El regulador bursátil portugués suspendió el jueves la cotización del BES apenas cuatro horas después de que su principal accionista, el Espírito Santo Financial Group, también dejara de hacerlo.

Los títulos del BES en la Bolsa de Lisboa retrocedían más de un 16% en comparación con el cierre de ayer, una tendencia al rojo que se alarga desde hace semanas y que ha provocado que el precio por acción caiga más de un 50% respecto al de hace un mes.

La decisión de la Comisión del Mercado de Valores (CMVM) lusa se produjo cuatro horas después de que el Espírito Santo Financial Group (ESFG) dejase de cotizar tanto en el parqué lisboeta como en la Bolsa de Luxemburgo, aunque en su caso a petición propia.

En un comunicado, el regulador justificó esta suspensión del BES "hasta la divulgación de información relevante" sobre la entidad.
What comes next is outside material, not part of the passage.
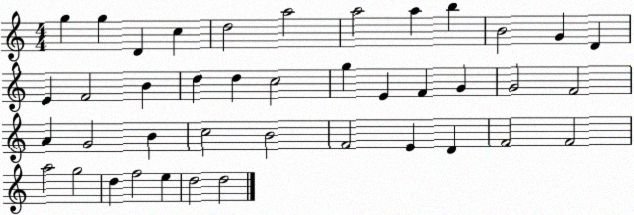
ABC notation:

Tanto el BES como el ESFG forman parte del Grupo Espírito Santo, controlado por la familia del mismo nombre, una de las más ricas, poderosas e influyentes de Portugal.

Este grupo empresarial, con numerosas ramificaciones en el sector financiero pero también en sectores como el inmobiliario, el turismo o la agroalimentación, atraviesa un momento especialmente delicado desde que una auditoría detectase a finales de mayo irregularidades contables en una de sus filiales: Espírito Santo International.
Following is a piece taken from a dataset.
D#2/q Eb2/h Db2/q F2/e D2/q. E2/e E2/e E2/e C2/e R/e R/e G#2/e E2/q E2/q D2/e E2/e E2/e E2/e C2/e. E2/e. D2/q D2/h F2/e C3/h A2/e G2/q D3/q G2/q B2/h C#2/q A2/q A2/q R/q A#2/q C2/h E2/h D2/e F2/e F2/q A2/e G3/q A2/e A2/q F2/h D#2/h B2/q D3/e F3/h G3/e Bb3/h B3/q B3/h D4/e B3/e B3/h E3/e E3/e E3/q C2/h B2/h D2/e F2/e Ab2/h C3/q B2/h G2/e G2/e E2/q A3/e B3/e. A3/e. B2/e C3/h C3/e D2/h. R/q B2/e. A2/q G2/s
Esta firma, con sede en Luxemburgo, es a su vez la principal accionista del ESFG. Desde que se hicieran públicas estas irregularidades, también han salido a la luz las divisiones entre las diferentes ramas familiares de los Espírito Santo.
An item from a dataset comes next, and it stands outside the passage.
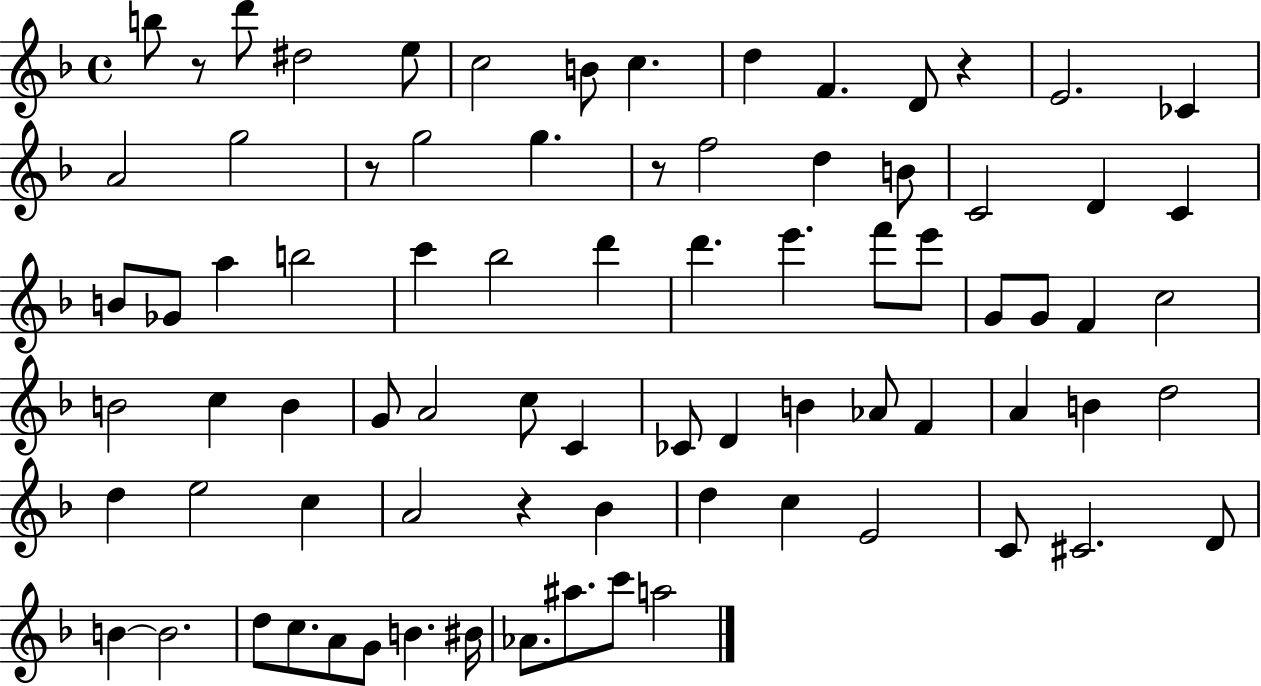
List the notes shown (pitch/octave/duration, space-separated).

B5/e R/e D6/e D#5/h E5/e C5/h B4/e C5/q. D5/q F4/q. D4/e R/q E4/h. CES4/q A4/h G5/h R/e G5/h G5/q. R/e F5/h D5/q B4/e C4/h D4/q C4/q B4/e Gb4/e A5/q B5/h C6/q Bb5/h D6/q D6/q. E6/q. F6/e E6/e G4/e G4/e F4/q C5/h B4/h C5/q B4/q G4/e A4/h C5/e C4/q CES4/e D4/q B4/q Ab4/e F4/q A4/q B4/q D5/h D5/q E5/h C5/q A4/h R/q Bb4/q D5/q C5/q E4/h C4/e C#4/h. D4/e B4/q B4/h. D5/e C5/e. A4/e G4/e B4/q. BIS4/s Ab4/e. A#5/e. C6/e A5/h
De hecho, el presidente del BES, Ricardo Salgado -que también ocupaba puestos de responsabilidad en la cúpula de todo el grupo- anunció a finales de junio que dejará el cargo tras 22 años, una salida que abrió una guerra en torno a su sucesión y que analistas lusos relacionan con los intentos del banco central portugués de alejar a la familia de la gestión de la entidad financiera.

El terremoto causado por las dificultades por las que pasa el grupo ha afectado incluso a otras compañías como Portugal Telecom (PT), que compró pagarés de una de sus filiales, una inversión que ha provocado desavenencias con la brasileña Oi, con la que está inmersa en un proceso de fusión. La propia Bolsa de Lisboa ha sufrido las consecuencias de esta incertidumbre y ha perdido 1.300 puntos sólo en el último mes.

EFECTO EN MERCADOS EUROPEOS

Las crecientes preocupaciones sobre la solvencia del grupo acarreó también una subida en las tasas de interés de las obligaciones portuguesas a largo plazo (3,9% contra 3,77% el miércoles), en un contexto de estabilidad de las demás deudas de la zona euro en el mercado de obligaciones.

"Los inversores se interrogan sobre la solidez del BES y el impacto que ello puede tener para el conjunto del país", según Renaud Murial, de Barclays Bourse. Las turbulencias que atraviesa el BES afectaban a las bolsas europeas, que acentuaron pérdidas tras anunciarse la suspensión de la cotización del principal accionista del banco portugués, Espirito Santo Financial Group (ESFG). Londres perdía a media sesión 0,85%, igual que Fráncfort (-1,52%), Paris (-1,54%) y Madrid (-2,86%).